South American Silver Plummets As Bolivia Announces It Will Nationalize One Of World's Largest Silver Deposits
Anyone long silver miner South American Silver Corp today is not happy, because while the precious metal responsible for the company top and bottom line has risen significantly, it is our old nationalizing friend, Bolivian President Evo Morales (who last year caused substantial moves higher in silver with threats to nationalize various silver mines in his resource rich if everything else poor country) who has stolen the spotlight, with his latest announcement that he is on his way to nationalize SAC.TO's Malku Khota property, which the company describes as "one of the world's largest undeveloped silver, indium and gallium deposits" and which El Pais adds "is considered one of the largest undeveloped silver deposits, with reserves estimated at 230 million ounces, and at least 2,000 tons of indium, gallium and gold as well." Of course, while this is good news for the actual precious metals as it means much more supply is coming offline, it is very bad for mining and extraction companies such as South American Silver, which stand to lose one after another property to a repeat of last year's wave of nationalization. Indeed, at last check SAC.TO was down 27% today alone and plunging.
This is how Reuters covered the development overnight:
Bolivia will consider nationalizing Canadian miner South American Silver Corp's silver property, President Evo Morales said on Sunday, following violent indigenous protests against the mining project.
Leftist Morales, who last month took control of global commodities giant Glencore's tin and zinc mine in the Andean country, said he hadn't taken a final decision on whether to revoke the Canadian miner's concession.
"Nationalization is our obligation, I already raised the issue of nationalizing (the Malku Khota project) last year, and I told (local residents) to reach an agreement, because when they want we're going to nationalize," Morales told a farmers' gathering.
Exploration work, in which South American Silver plans to invest some $50 million, is expected to end within three years. The company describes it as "one of the world's largest undeveloped silver, indium and gallium deposits."
Then, El Pais provided the following update:
Morales announced that he will nationalize major silver deposits
The Bolivian government withdraw the mining concessions awarded to the South American Silver Canadian company for the exploitation of silver deposits, indium and gallium Mallku Khota the hill, as agreed between government authorities and indigenous communities north of Potosi.
Agreement is reached, local communities agreed to free two engineers of the Canadian mining company and a police officer who had held for several days in order to pressure the government to listen to their demands to break the contract with South American Silver.
The Labor Minister Daniel Santalla, explained that the President Evo Morales is predisposed to reverse the mining concessions but that the decree will take several days due to legal and technical process should be launched for that purpose.

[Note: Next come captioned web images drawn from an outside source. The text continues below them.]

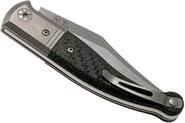 Lionsteel Niolox blade, Carbon Fiber Handle, Titanium Bolster &amp; liners GT01 CF - KNIFESTOCK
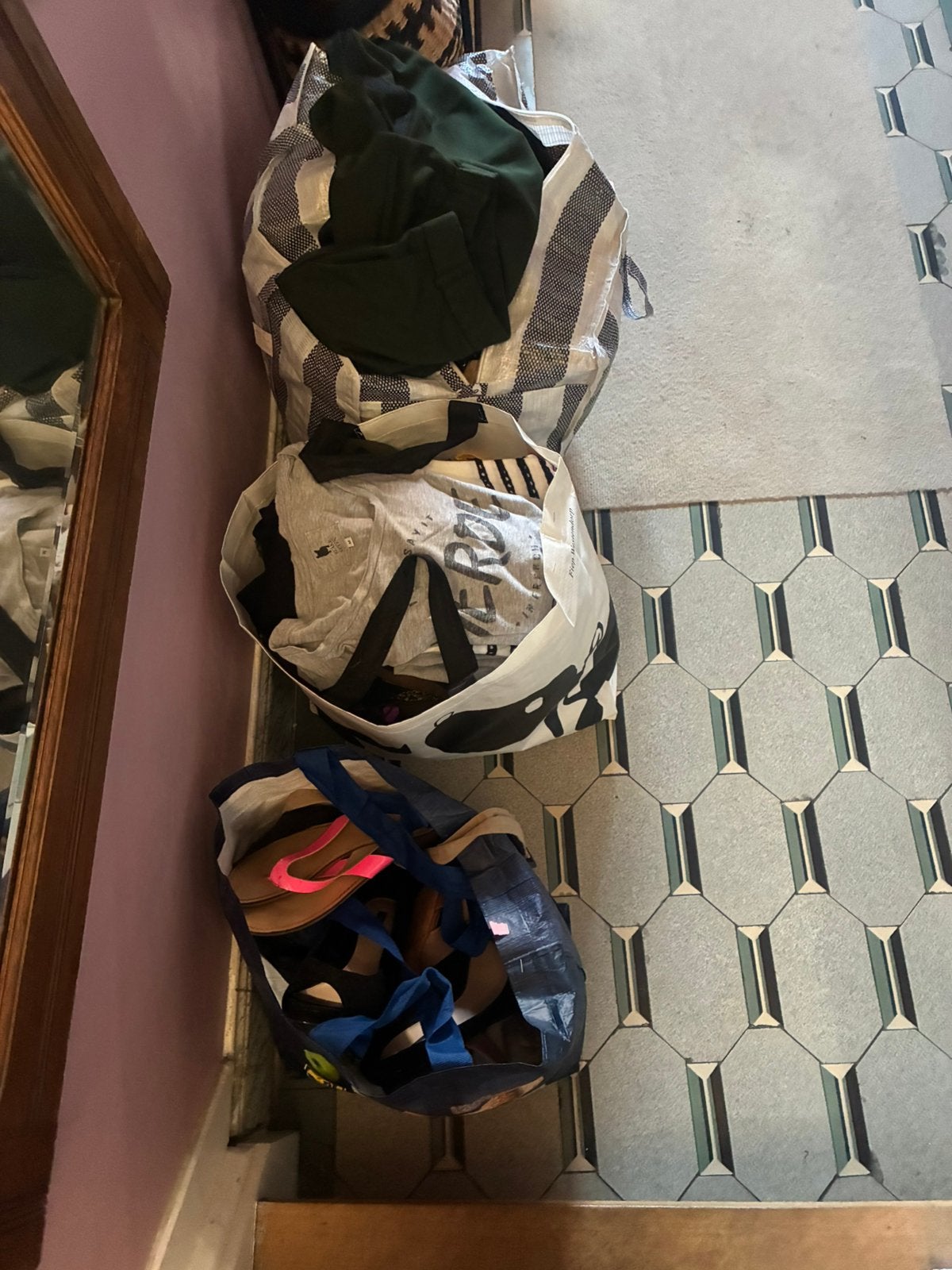 Grote kledingpartij: merkkleding, kleding en schoenen, Ophalen of Verzenden, Gedragen, Maat 36 (S), Overige kleuren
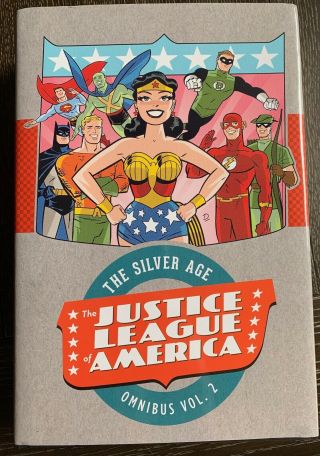 Justice League Of America Silver Age Omnibus Vol 2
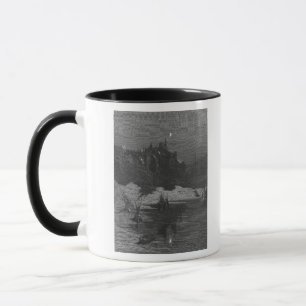 Mug Scène "du givre du marin antique" 4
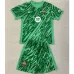 FC Barcelona Kids' Goalkeeper Jersey and Shorts 2024/25 - Green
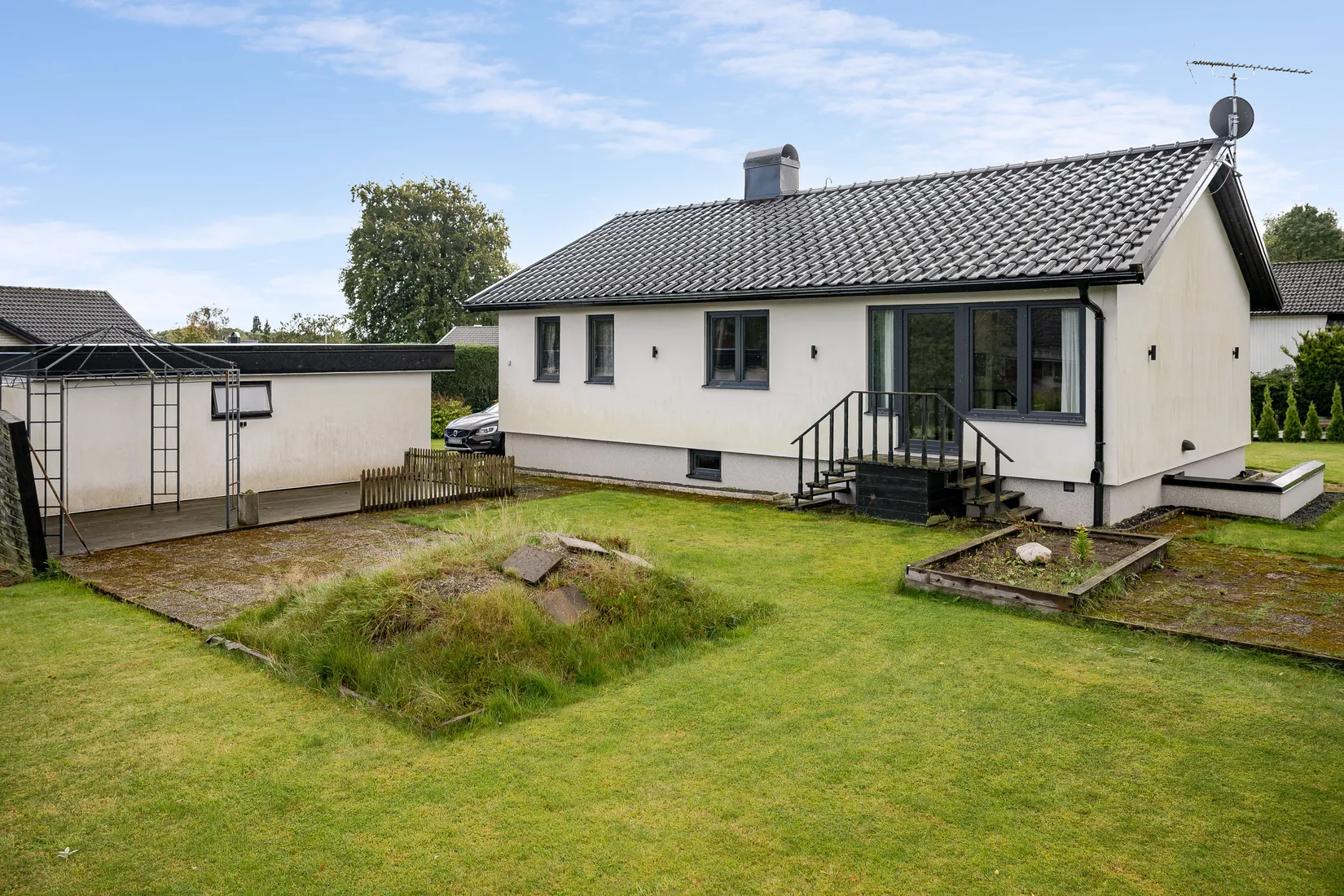 Villa, Härdaregatan 12, Tyringe, Hässleholm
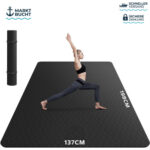 Yogamatte XXL Rutschfest Ultra Haltbar 198cm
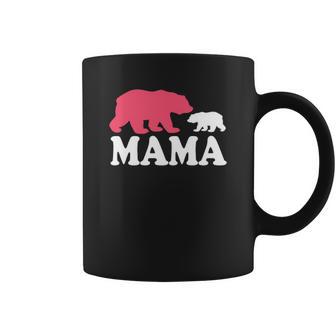 Womens Mama Bear Christmas Ideas For Mom Coffee Mug | Seseable UK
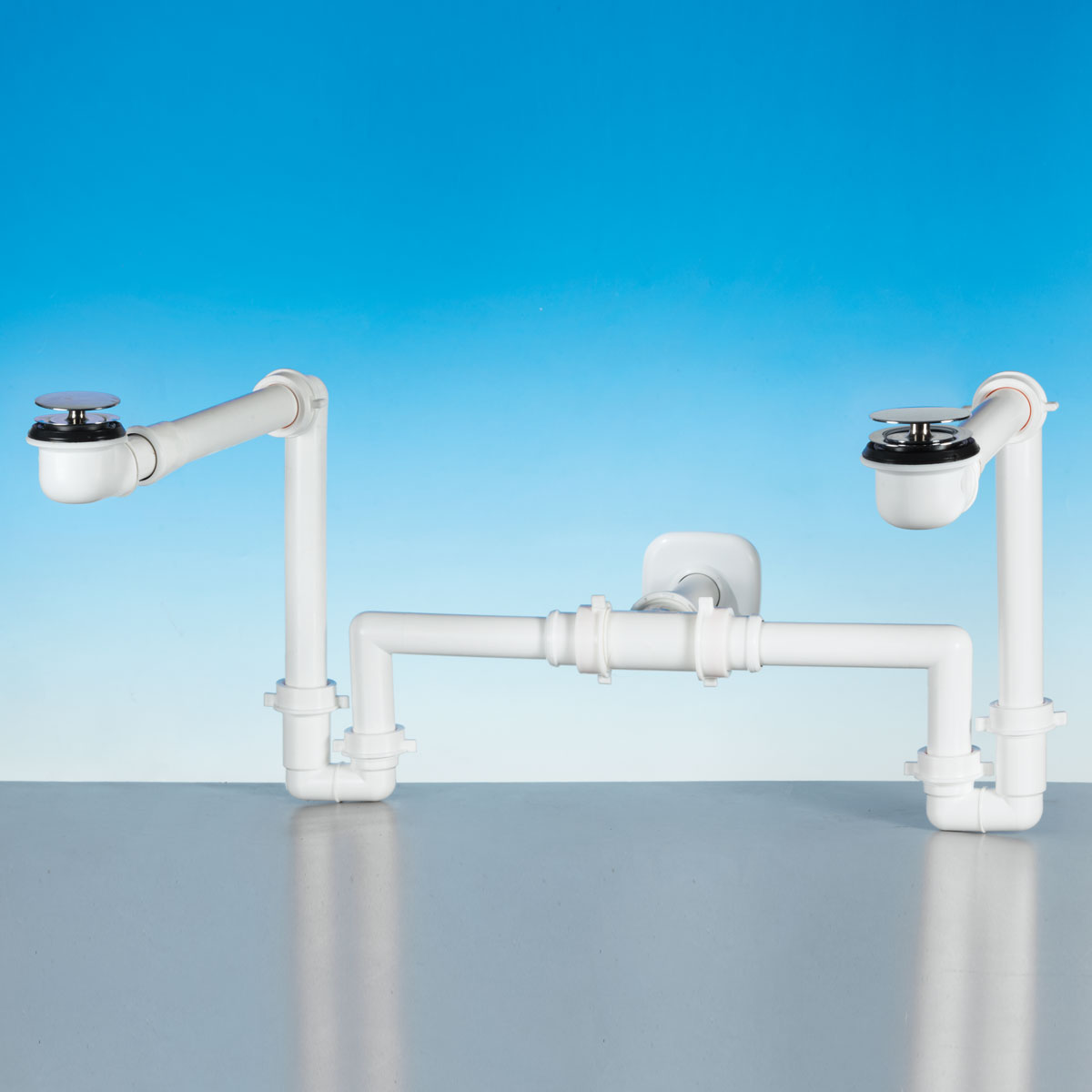 Drain fittings : Kit Spazio Bagno + Space Saver Double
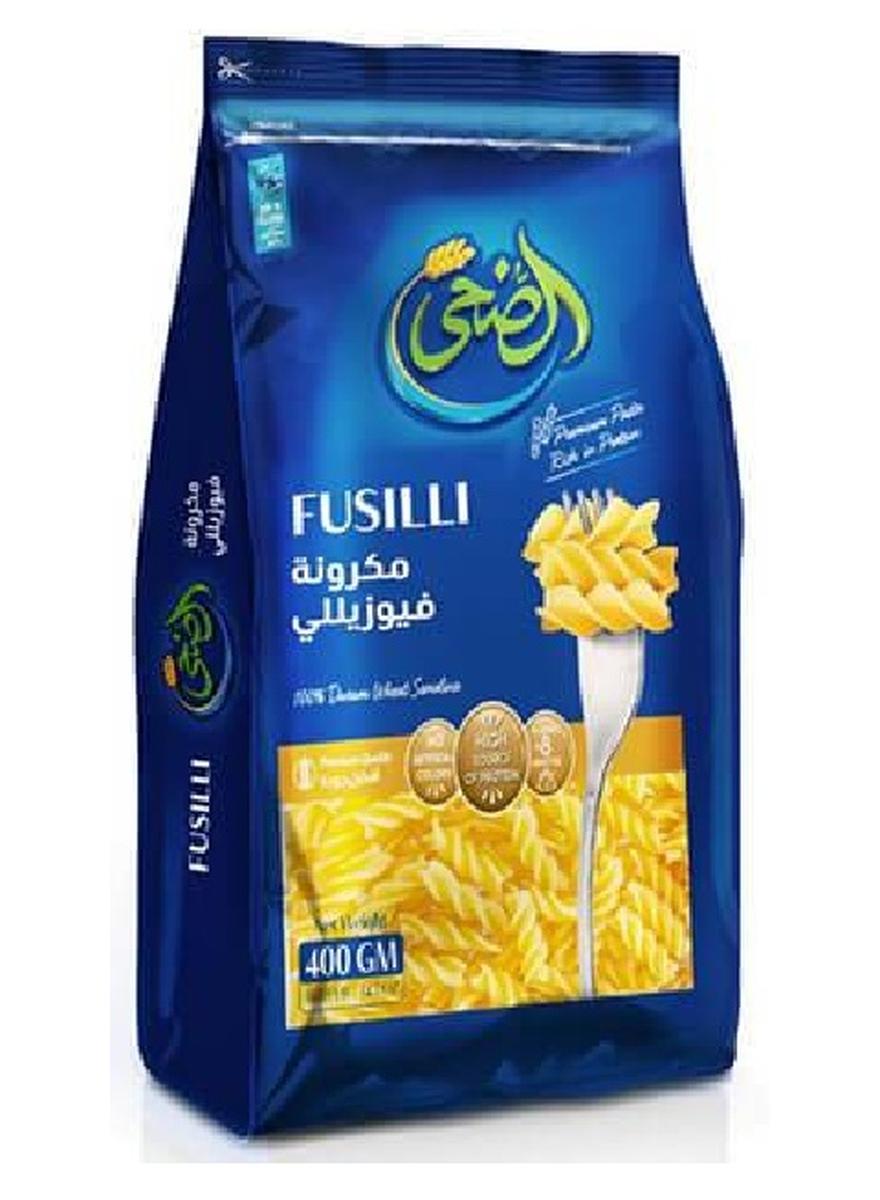 سعر ومواصفات الضحى معكرونة فوزيلي 400جرام (N29595533A) على Noon EG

"Nationalize it is our obligation," said Morales in the city itself Colomi in the department of Cochabamba (center), barely a few kilometers from the mine site in question.
Finally, this is what the company itself had to say:
On Sunday the Bolivian Labor Minister, Daniel Santalla, signed an agreement to secure the release of the final three detained individuals with the indigenous opponents to the project. As part of this agreement the opponents were seeking cancellation of the mining concession, however, the government minister acknowledged that this could be difficult due to the original decree giving South American Silver the rights to the project.
Also on Sunday, President Evo Morales and the Government Minister Carlos Romero agreed that a "prior consultation” among all indigenous communities in the project area would be needed to proceed to determine the direction of the project based on the consensus view of all communities.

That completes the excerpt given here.